### The problem
The answer must consist solely of the lines from the line with "Lisbeth (Monika Baumgartner, l.)" to the final line of the data below, reproduced exactly, pictures omitted.

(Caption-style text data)

━━━━━━━━

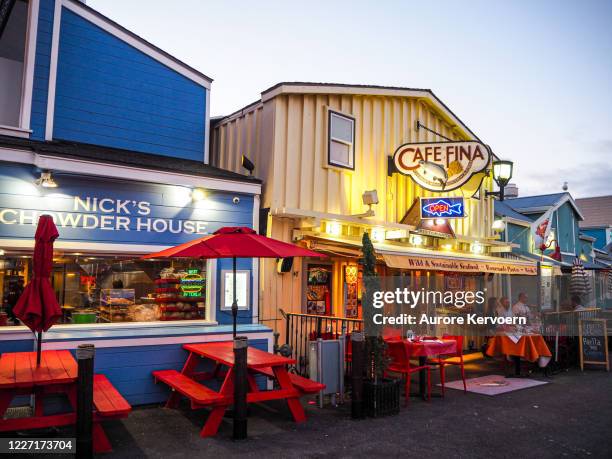 restaurant dans le quai du pêcheur dans le village de pêcheurs de monterey, californie, etats-unis - ville de monterey californie photos et images de collection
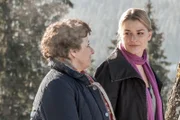 Lisbeth (Monika Baumgartner, l.) hofft sehr, dass Annes (Ines Lutz, r.) Idee, gemeinsam auf dem Gruberhof zu arbeiten, auch bei ihren Söhnen gut ankommt.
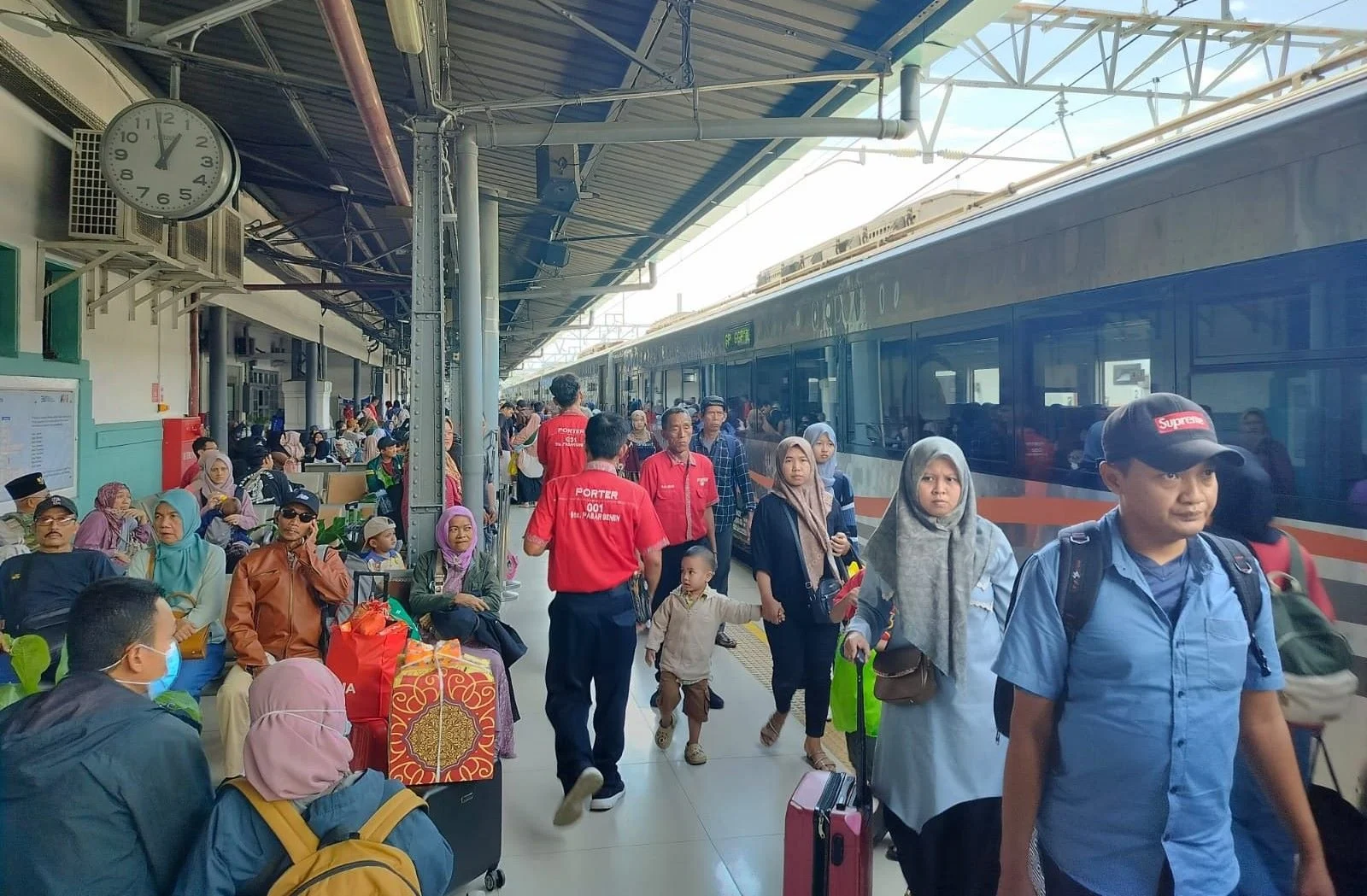 KAI Layani 544.974 Pelanggan Selama Libur Panjang Pekan Ini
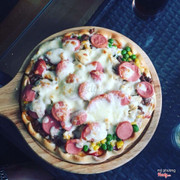 Pizza tự làm đây ạ cái này là 146k ạ. 😂😂 ăn cũng ngon mà hơi chát 1 chụt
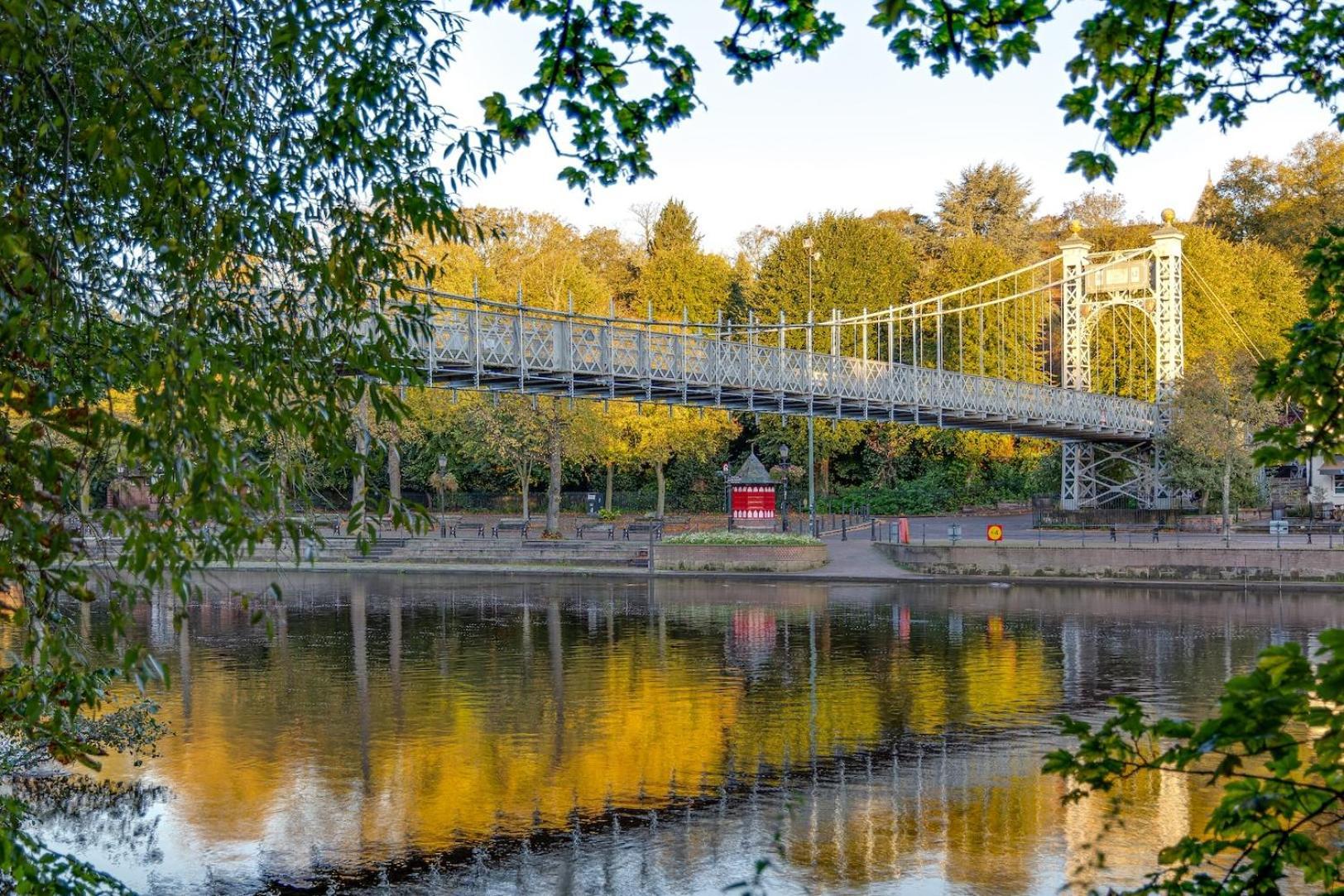 Gamul Place - Quiet City Centre Chester Bagian luar foto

━━━━━━━━

### Solution for this exercise
 Lisbeth (Monika Baumgartner, l.) hofft sehr, dass Annes (Ines Lutz, r.) Idee, gemeinsam auf dem Gruberhof zu arbeiten, auch bei ihren Söhnen gut ankommt.
 KAI Layani 544.974 Pelanggan Selama Libur Panjang Pekan Ini
 Pizza tự làm đây ạ cái này là 146k ạ. 😂😂 ăn cũng ngon mà hơi chát 1 chụt
 Gamul Place - Quiet City Centre Chester Bagian luar foto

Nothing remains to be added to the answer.